4. Urdhvapada: a standing pose in which one leg points skyward (also called raised foot or raised-hand-to-foot pose). In Nepal, this pose is limited to the Buddhist Goddess Vajrayogini. It’s also used when Vishnu takes three giant steps in one of his incarnations.
5. Sattvasana, sattvaparyanka: the Buddhist “true sitting” or “noble attitude”, in which legs are folded but not crossed (known as virasana in the Hindu pantheon, vira – hero in Sanskrit). It’s a heroic posture that creates a sense of inner calmness and groundedness.
6. Nrtya, matyasthana: a traditional posture of Sattriya dance (a classical dance of India), featuring themes related to Hindu deities. Usually, it’s associated with wrathful manifestations of the deities.

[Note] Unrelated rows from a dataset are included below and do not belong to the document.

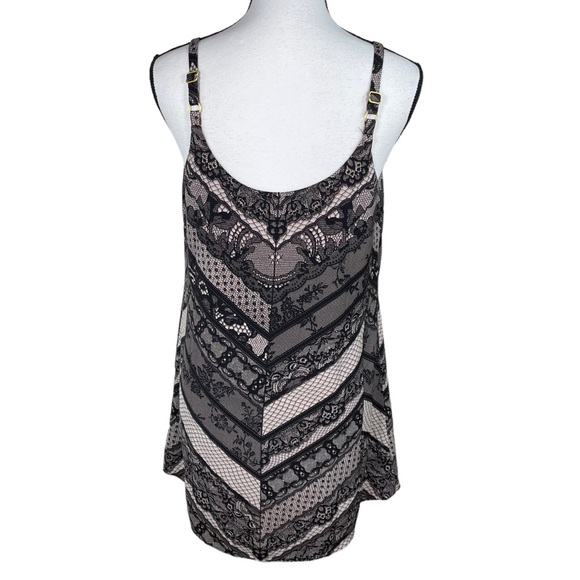 Cabi Monaco Lace Print Tank Top - Picture 4 of 7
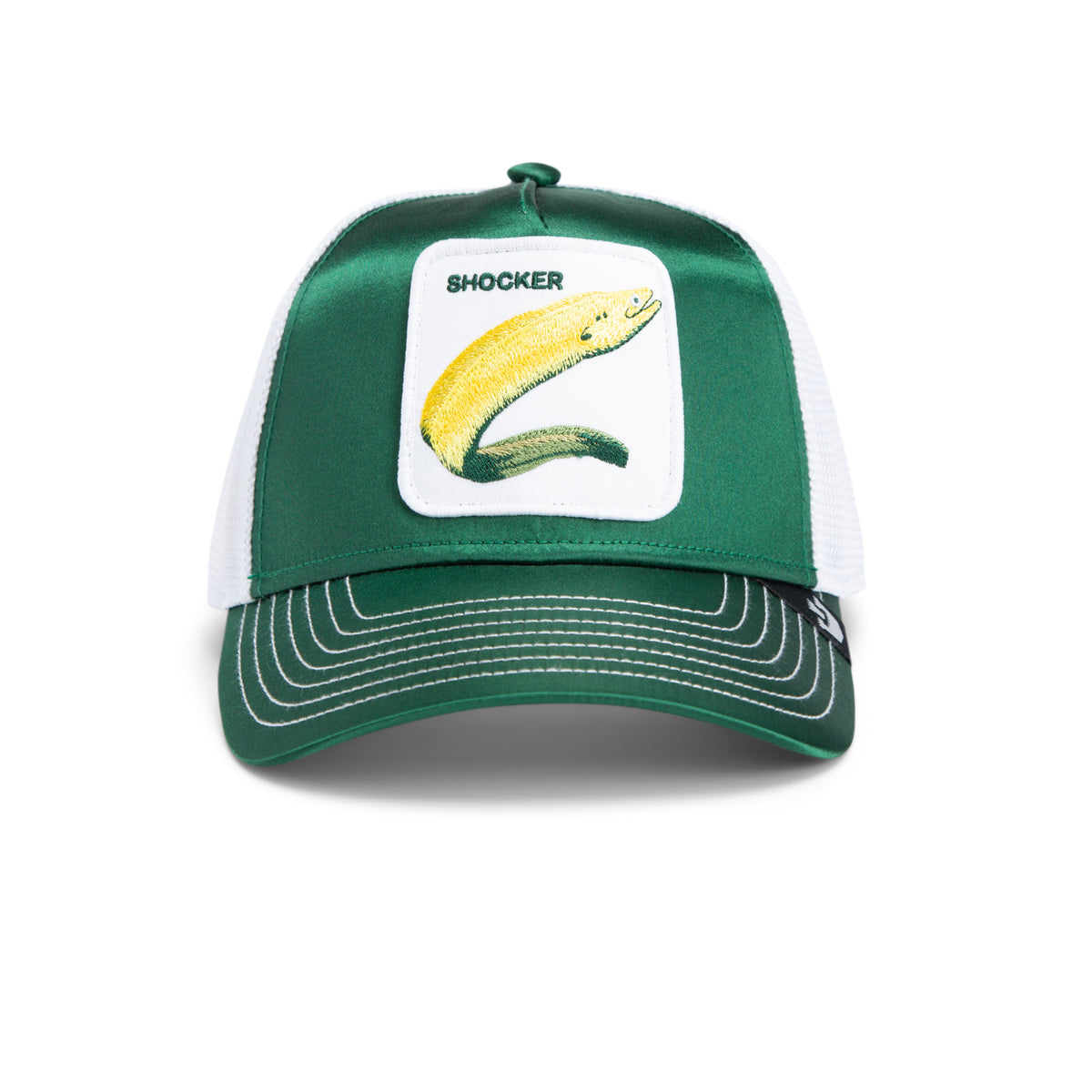 Goorin Bros. Live, Laugh, Toasterbath Trucker Hat, Green, One Size, Unisex
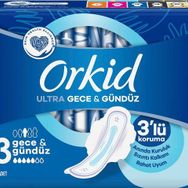 Orkid Ultra Extra Gece ve Gündüz 6 Adet Hijyenik Ped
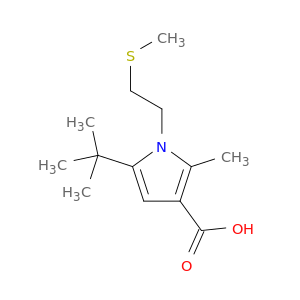 5-(1,1-二甲基乙基)-2-甲基-1-[2-(甲硫基)乙基]-1H-吡咯-3-羧酸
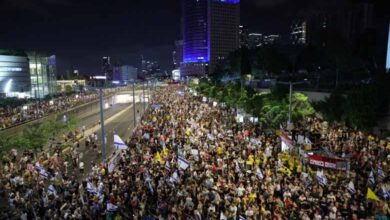 Half million people gather in Israel for rally in support of Gaza hostages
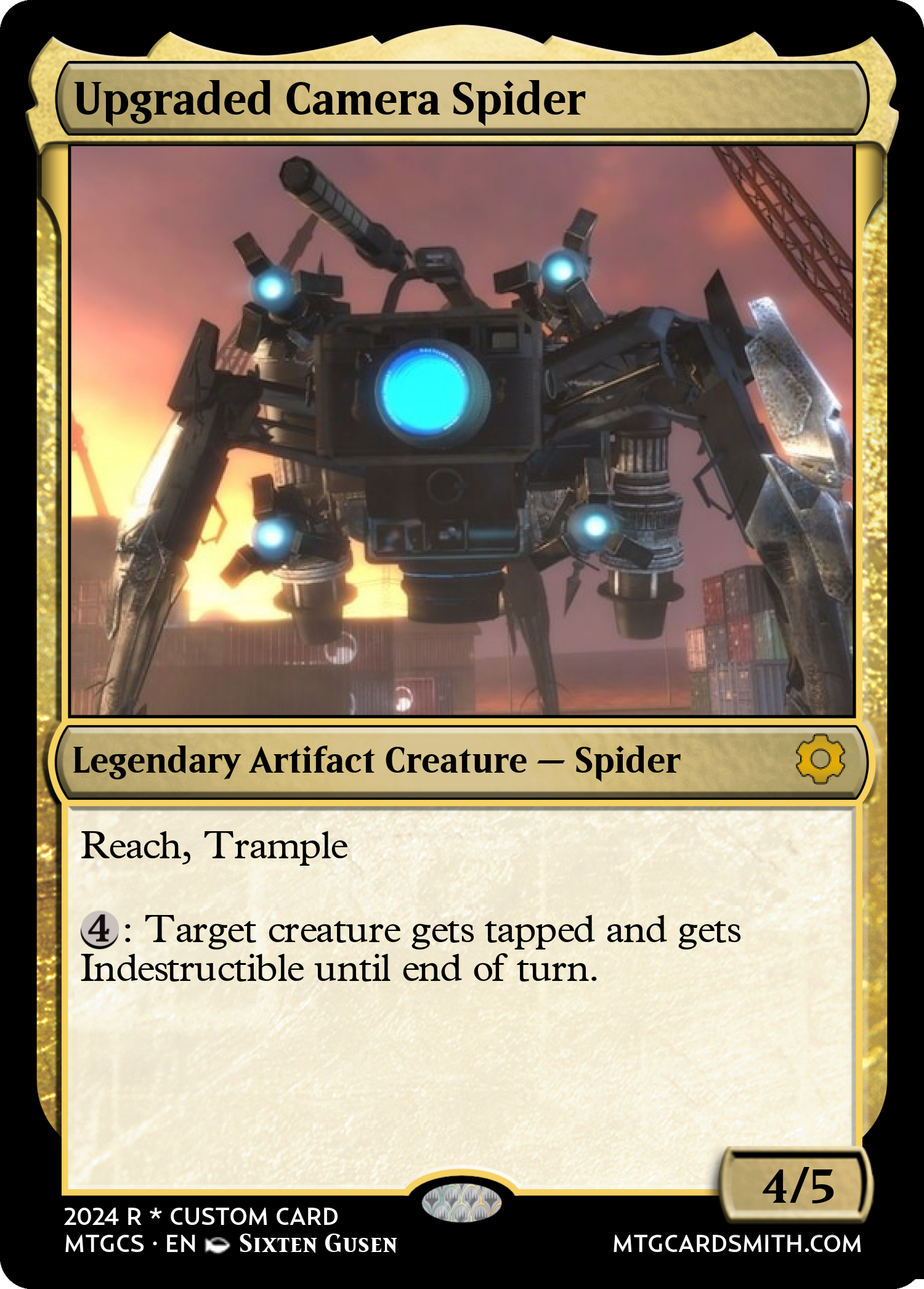Upgraded Camera Spider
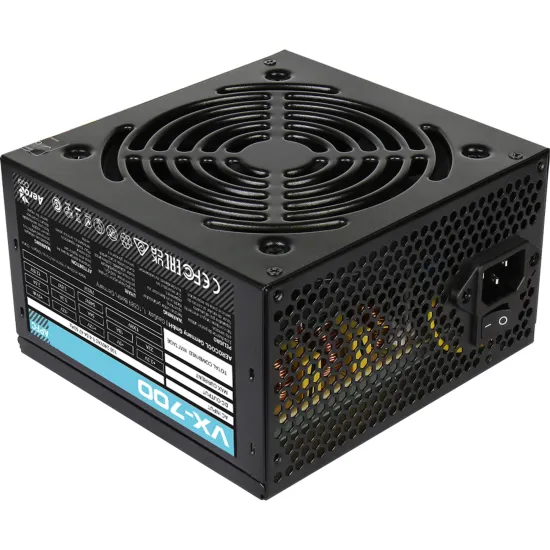 Fonte Gamer ATX Aerocool VX-700 700W Bivolt Sem Cabo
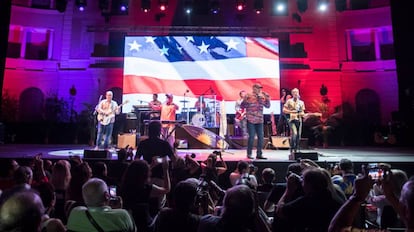 Los Beach Boys en una actuación el pasado 20 de junio en Pedralbes.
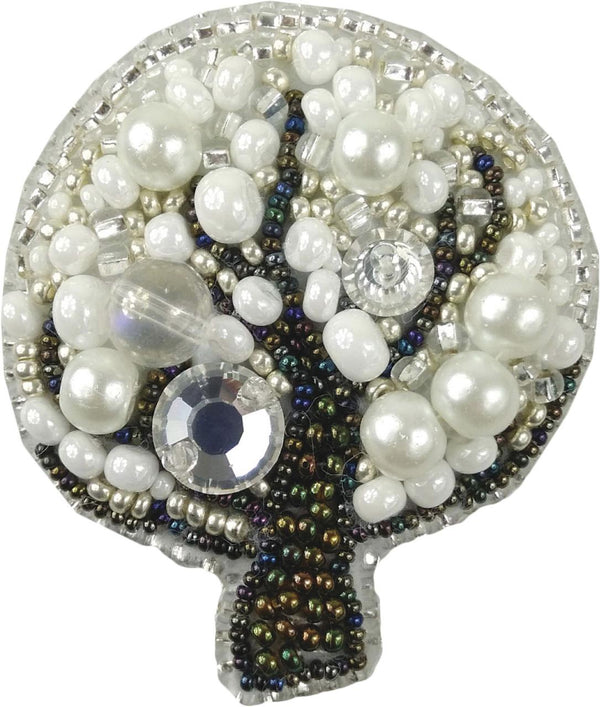 Beadwork kit for creating broоch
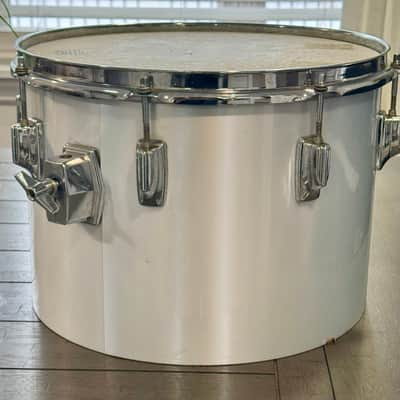 Tama 14 inch concert tom 80s - Metallic White image 3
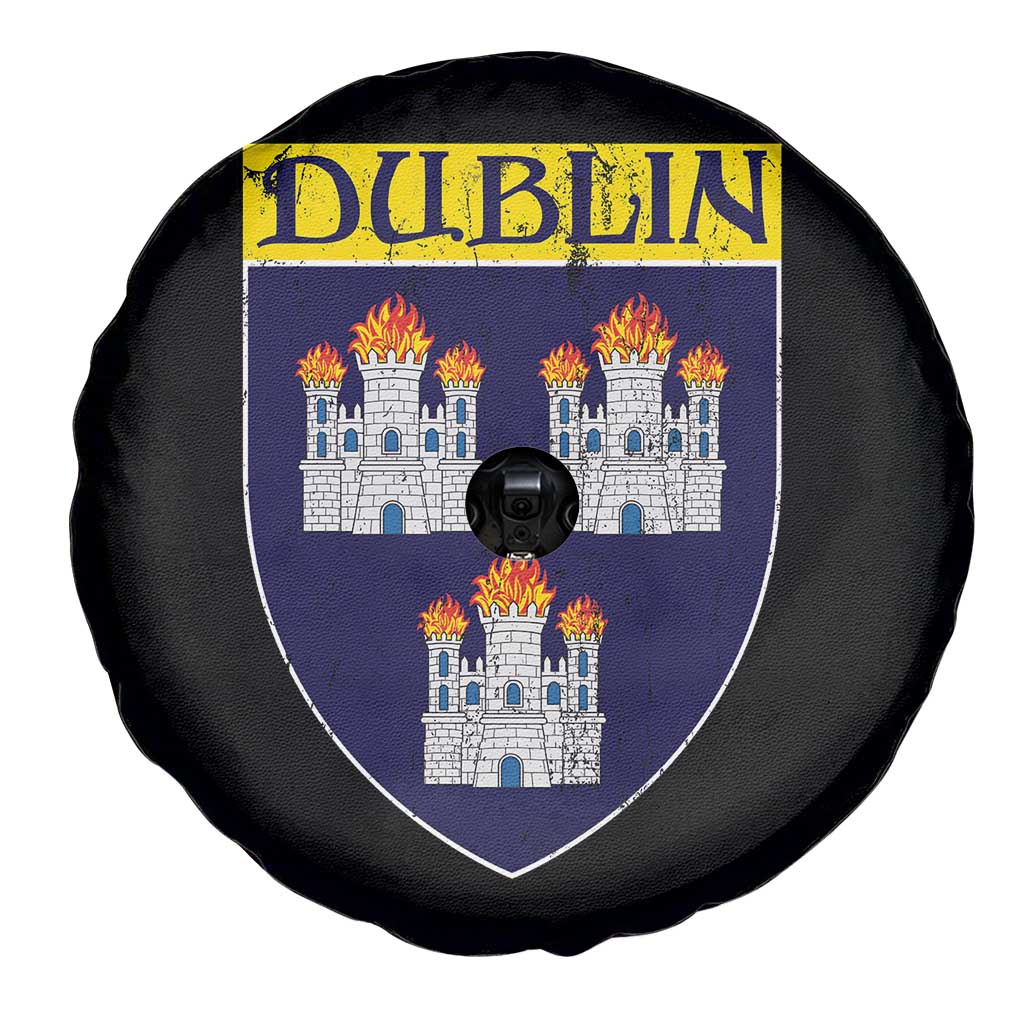 Dublin Ireland Spare Tire Cover The Coat of Arms of Dublin Three Burning Castles TS11 Print Your Wear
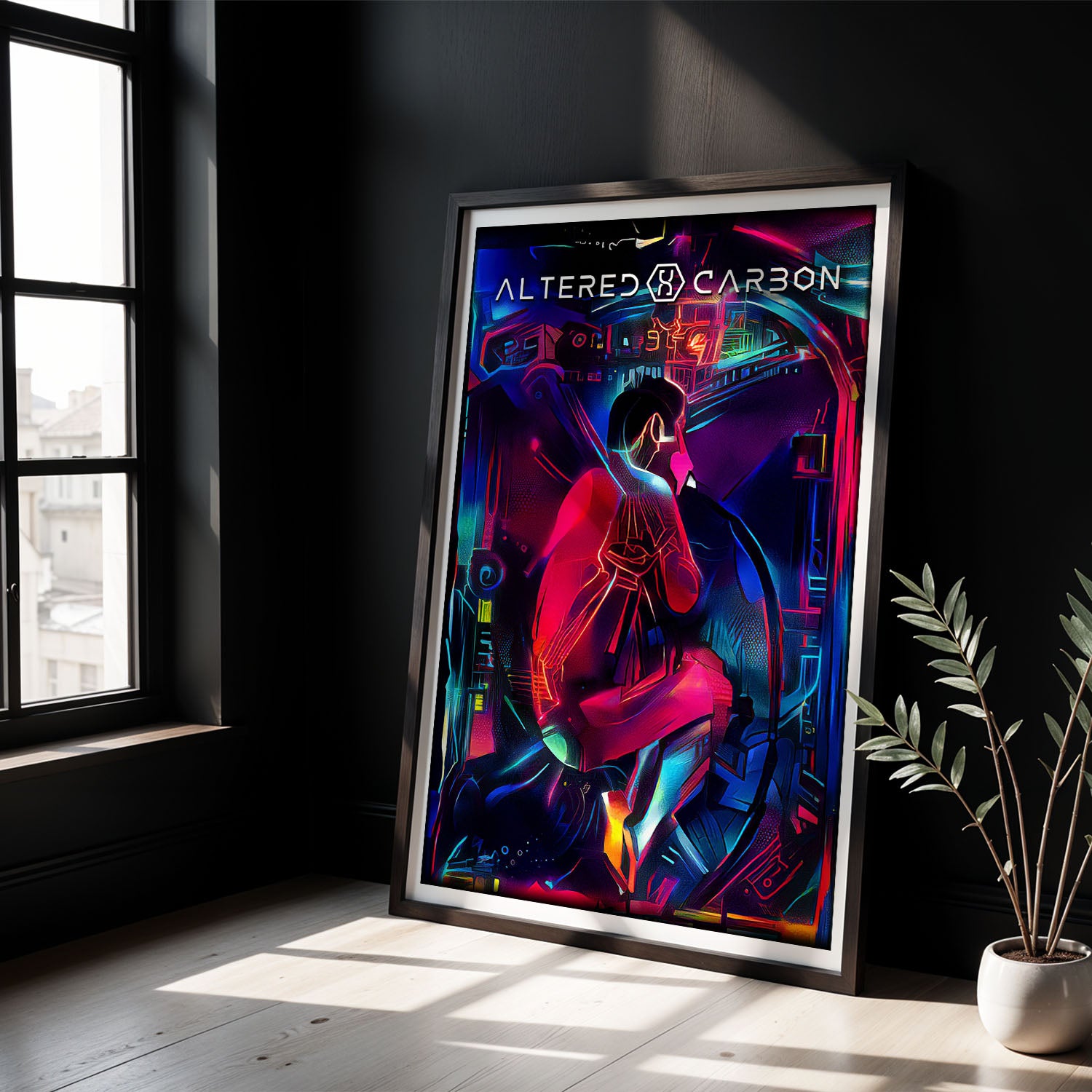 Flex Designs Poster Altered Carbon Sketch 5 x 7" Home Goods - TV show 2018 TV show Poster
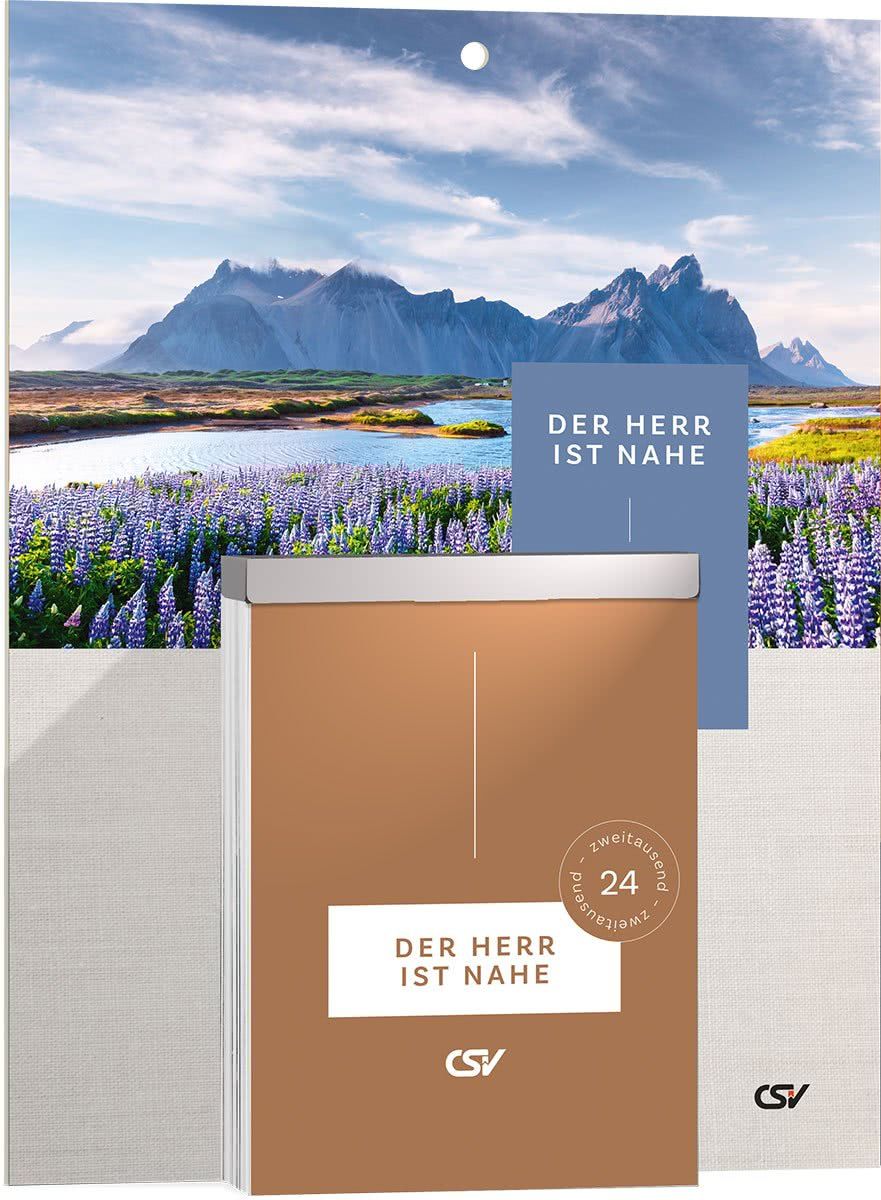 Der Herr ist nahe - Abreißkalender 2025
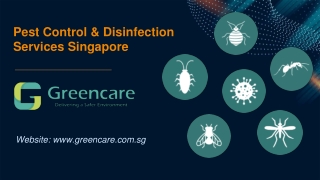 Pest Control & Disinfection Services Singapore - Greencare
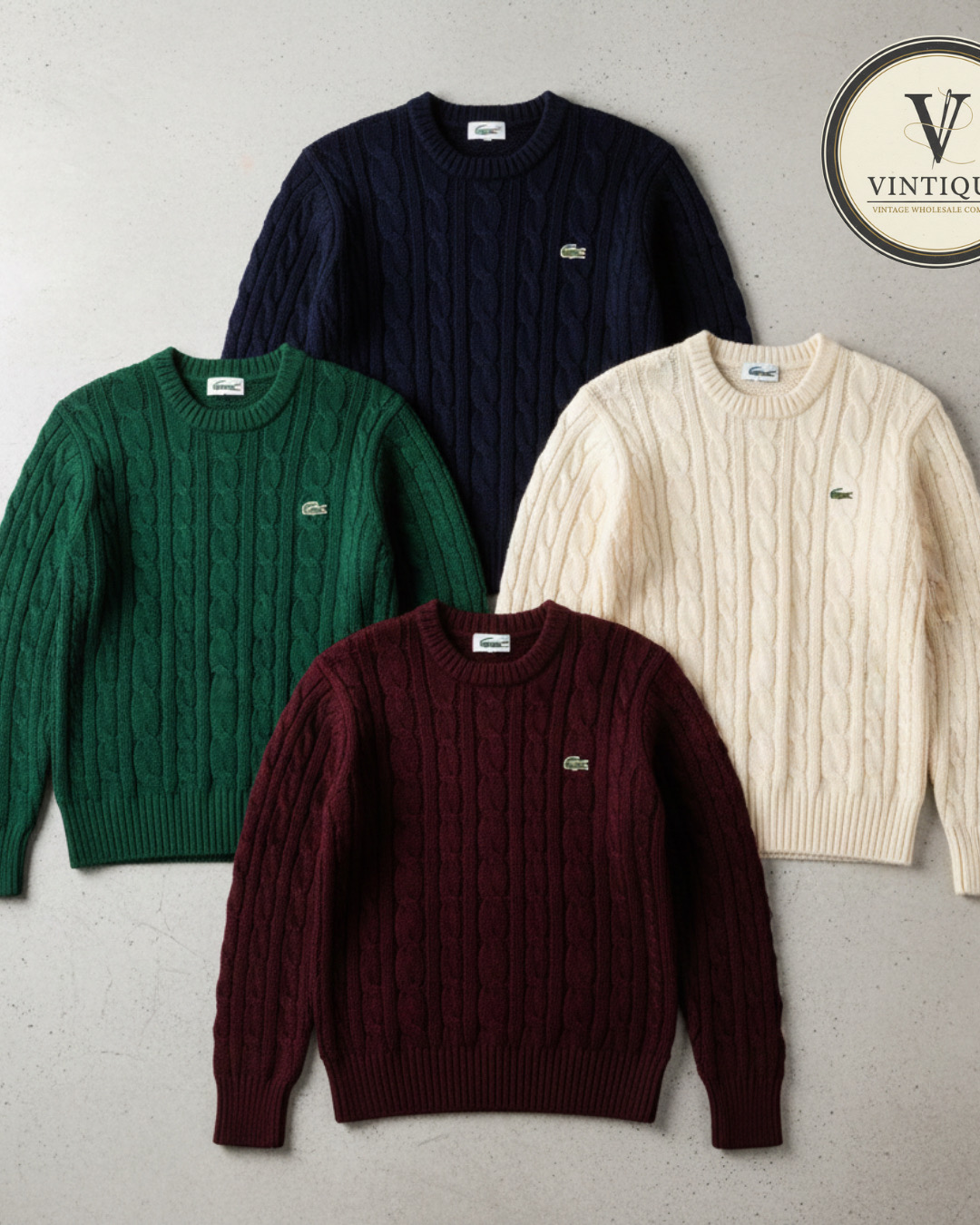 Vintage Lacoste Sweaters #5126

7. Lalitasana, ardhaparyanka, lalitaksepa: one leg tucked inwards on the seat and the other hanging down to touch the ground or rest on a support (called vamardhaparyanka if the left leg is pendant). The figure sits on a lotus throne and bare feet are normal. It’s a seated posture of ease or relaxation.
8. Tribhanga: the triple-bend pose (or the tri-bend), consisting of three bends in the body: at the neck, waist, and knee. The body is oppositely curved at waist and neck, creating a gentle “S” shape. It’s one of the most elegant and graceful poses in Indian Classical dance forms, like the Odissi. It’s confined to deities in their benevolent manifestations.
Hand poses – mudras
1. Ksepana mudra: two hands together in the gesture of sprinkling ambrosia, the nectar of immortality (sometimes, also called anjali mudra). In Sanskrit it means to throw away, to let go, or to cast off.
2. Dhyani or samadhi mudra: the hands are relaxed in the lap and the tips of the thumbs and fingers touch. The overlying hands may support the vessel of immortality or a begging bowl (in this last case, it’s a sign of the head of an order). It’s the gesture of absolute balance, of meditation.
3. Vrada mudra: the right hand is held out with palm uppermost and the fingers pointing downwards. It symbolizes dispensing of boons, and it’s a gesture of charity or gift, as well as fulfillment of wishes.
4. Dharmacakra mudra: the hands are held level with the heart and the thumbs and index fingers form circles. It’s a gesture of preaching, usually interpreted as turning the Wheel (cakra) of Law (dharma). It refers to the Buddha’s first sermon in the Deer Park (Sarnath, India) when he set the law in motion.
5. Uttarabodhi mudra: two hands placed together above the head with the index fingers together and the other fingers intertwined. It’s the gesture of best perfection, the supreme enlightenment.
6. Namaskara mudra: the hands held at the heart chakra with the thumbs resting lightly against the sternum (sometimes also called anjali mudra). It’s a gesture of greeting, devotion or prayer, as well as adoration and respect made by those devoted to the path taught by the Buddha. However, Buddhas won’t be seen making this gesture because they don’t have to show devotion to anything.
7. Tarjani mudra: the index finger is pointed at the opponent, accusing ignorance or delusion, claiming wakefulness or mindfulness. It’s a gesture of menace, threat, or warning, used by wrathful gods.
8. Abhaya mudra: the right hand is held upright, and the palm is facing outwards. It’s a gesture of reassurance, protection, meaning “have no fear”. It also signifies benediction or blessing.
9. Vyakhyana or vitarka mudra: the circle formed by the thumb and index finger is the sign of the Wheel of Law. It’s a gesture referring to an intellectual argument, discussion, as well as an argument or explanation. When held at chest level, it means teaching, and it’s called jnana mudra.
10. Bhumisparsa mudra: Buddha sitting in lotus has the fingers of the right hand extended upon the right knee to touch the ground, while the left hand is held flat in the lap in dhyani mudra of meditation. It represents Buddha calling the Earth Goddess to witness his Enlightenment under the bodhi tree when the demon tried to disrupt his meditation. Also known as the ‘earth witness’, or ‘touching the earth’.